[[ Records for processing open ]]

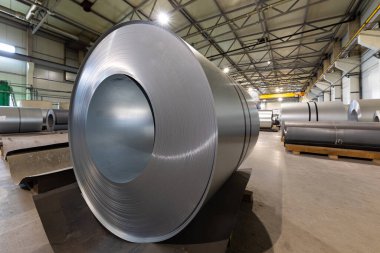 Metalik makine üretim hattının çatısındaki metal fayansların yakından çekilmiş fotoğrafı. Fabrikada soğuk çelik bobinler var.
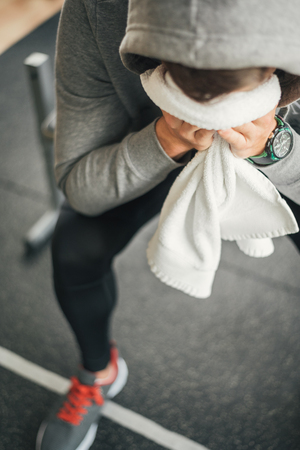 Strong sporty man sitting on gym bench with towel on face, suffering breakdown to overcome. Frustration sport concept.の写真素材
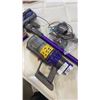 Image 2 : DYSON CYCLONE V10 ANIMAL CORDLESS STICK VACUUM W/ HARD FLOOR HEAD, ACCESSORIES, AND CHARGER - TESTED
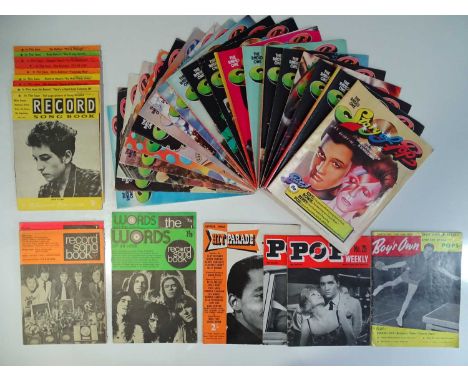 A large group of music related magazines to include covers featuring Elvis, David Bowie, The Bee Gees, and Bob Dylan (30+)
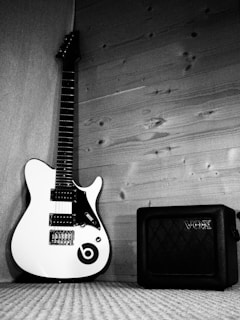 A white electric guitar with black accents and a logo rests against a wooden wall beside a black Vox amplifier on a textured carpet.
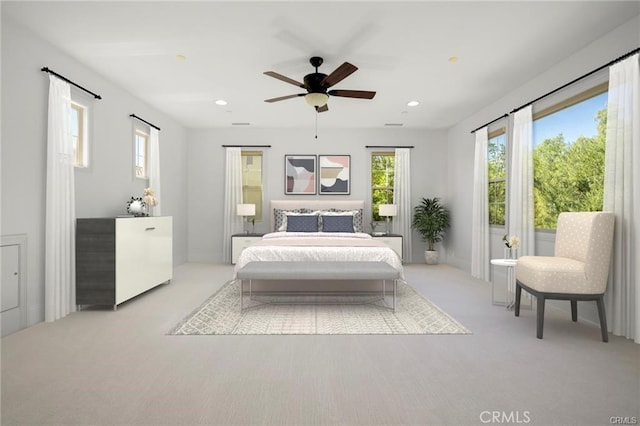 bedroom featuring light carpet and ceiling fan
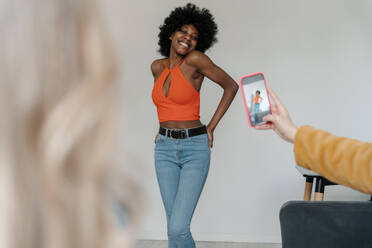 Eine Frau macht mit ihrem Smartphone ein Selfie von ihrem Freund zu Hause. - EHAF00053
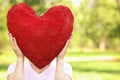 Woman holding big red heart before her face Royalty Free Stock Photo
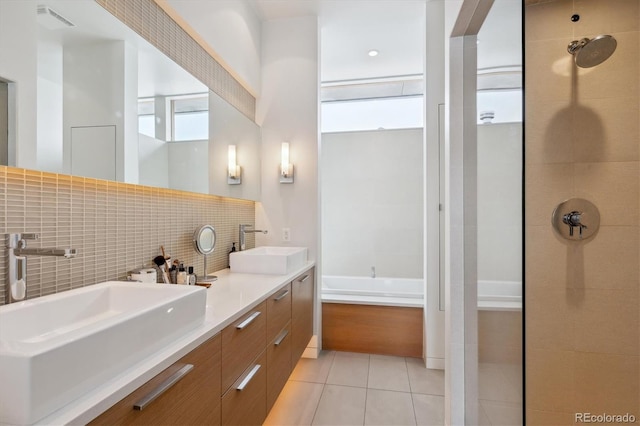 bathroom featuring visible vents, a tile shower, a sink, and tile patterned floors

[[ Records for processing closed ]]

Exercise requirements:
Your answer must be exactly the lines from the one containing "bedroom featuring light" through the last line of the records above, both included, with every picture left out.

Your solution:
 bedroom featuring light carpet and ceiling fan
 Eine Frau macht mit ihrem Smartphone ein Selfie von ihrem Freund zu Hause. - EHAF00053
 Woman holding big red heart before her face Royalty Free Stock Photo
 bathroom featuring visible vents, a tile shower, a sink, and tile patterned floors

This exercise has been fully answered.